# How to check for chip on vr ecu



## Negs (Oct 3, 2010)

Is there any way to check the ecu for a chip i got a 95 gti vr6 and gutted it for a swap and the kid i got the car from says it was chipped but he dont know much. 
Either physically check it or scan it maybe with a vag com 
any help much appreciated


----------



## O_o (Nov 12, 2009)

Negs said:


> Is there any way to check the ecu for a chip i got a 95 gti vr6 and gutted it for a swap and the kid i got the car from says it was chipped but he dont know much.
> Either physically check it or scan it maybe with a vag com
> any help much appreciated


 

This is the 30V V6 forum.

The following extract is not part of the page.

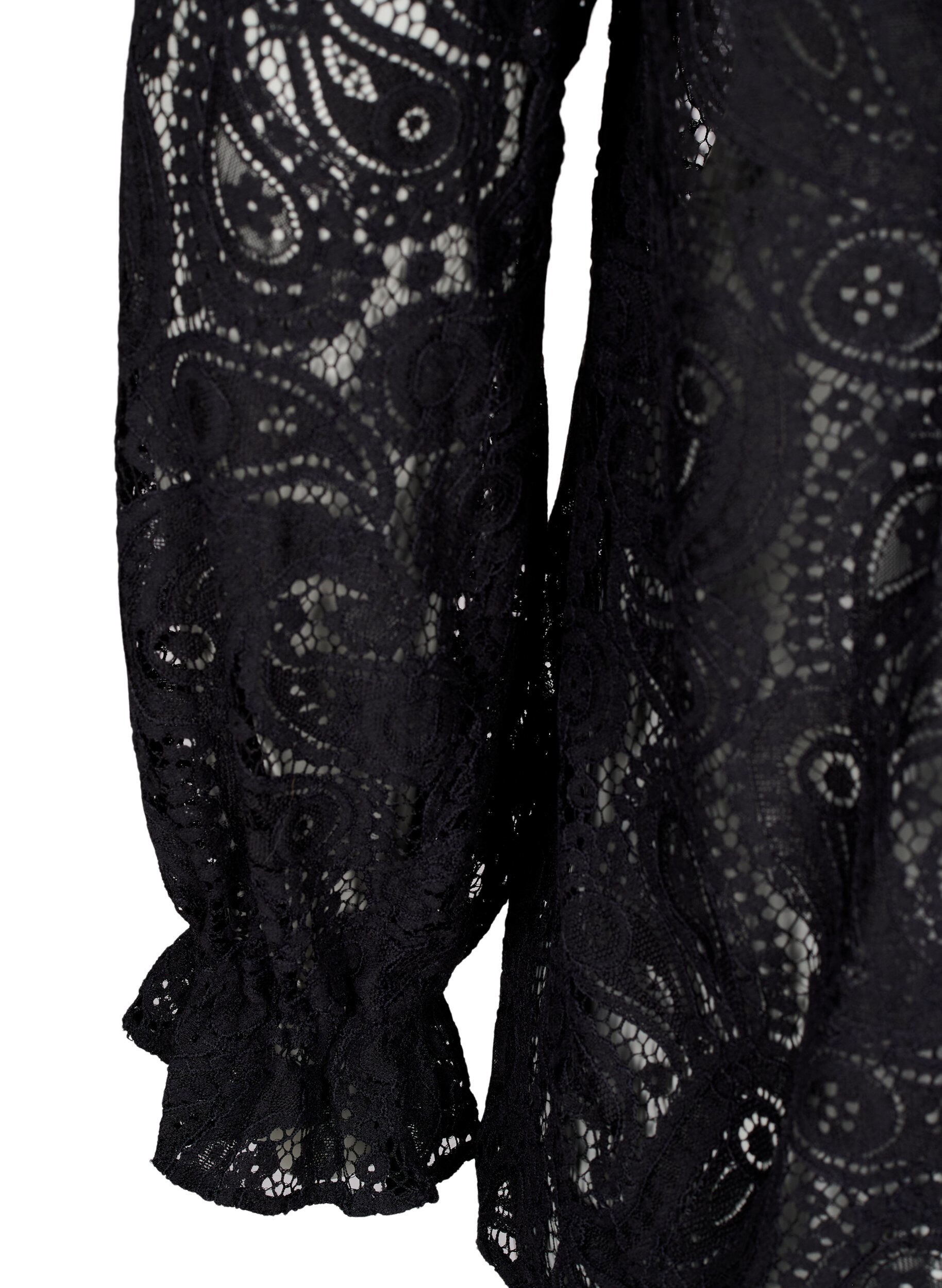 Zizzi Skjortebluse med blonder og volangedetaljer, Black, Packshot image number 3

You have a 12V VR6. 

Since it's a '95, it probably has an actual chip soldered onto the mainboard of the ECU. You can remove the cover and see if there's something there that looks unusual, usually covered in potting compound (epoxy). 

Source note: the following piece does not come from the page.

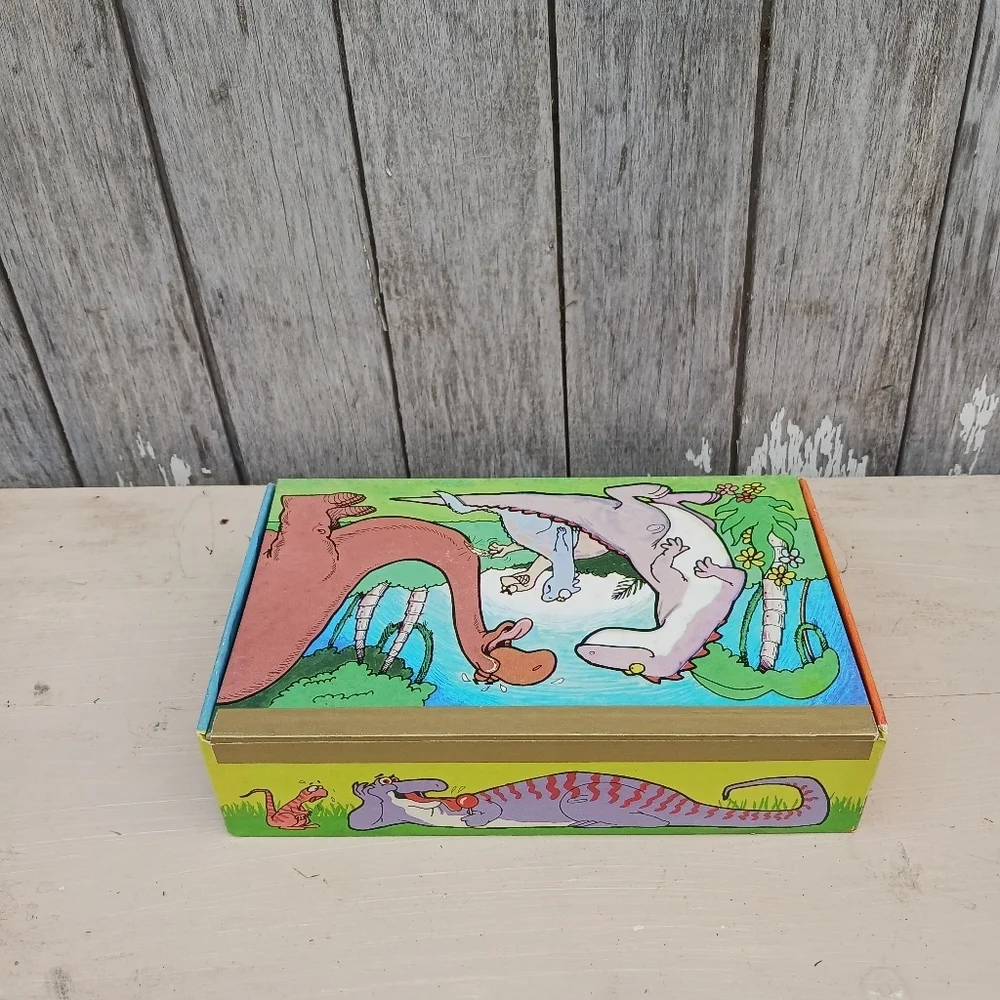 Vintage Dinosaur PENCIL BOX School Sterling Lebanon Packaging Cardboard USA Made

Read this to see why it doesn't matter anyway.


----------



## Negs (Oct 3, 2010)

My bad on the wrong forum i know it is a 12v didn't notice the "V6" not "VR6" Just wasn't 100% sure if it did have a physical chip or software Thanks for clarifying it for me even though its the wrong forum I'll open it up and check Pretty comfortable with that since i have built a few computers (PC's) So Thanks Again 
I'm Outta Here


----------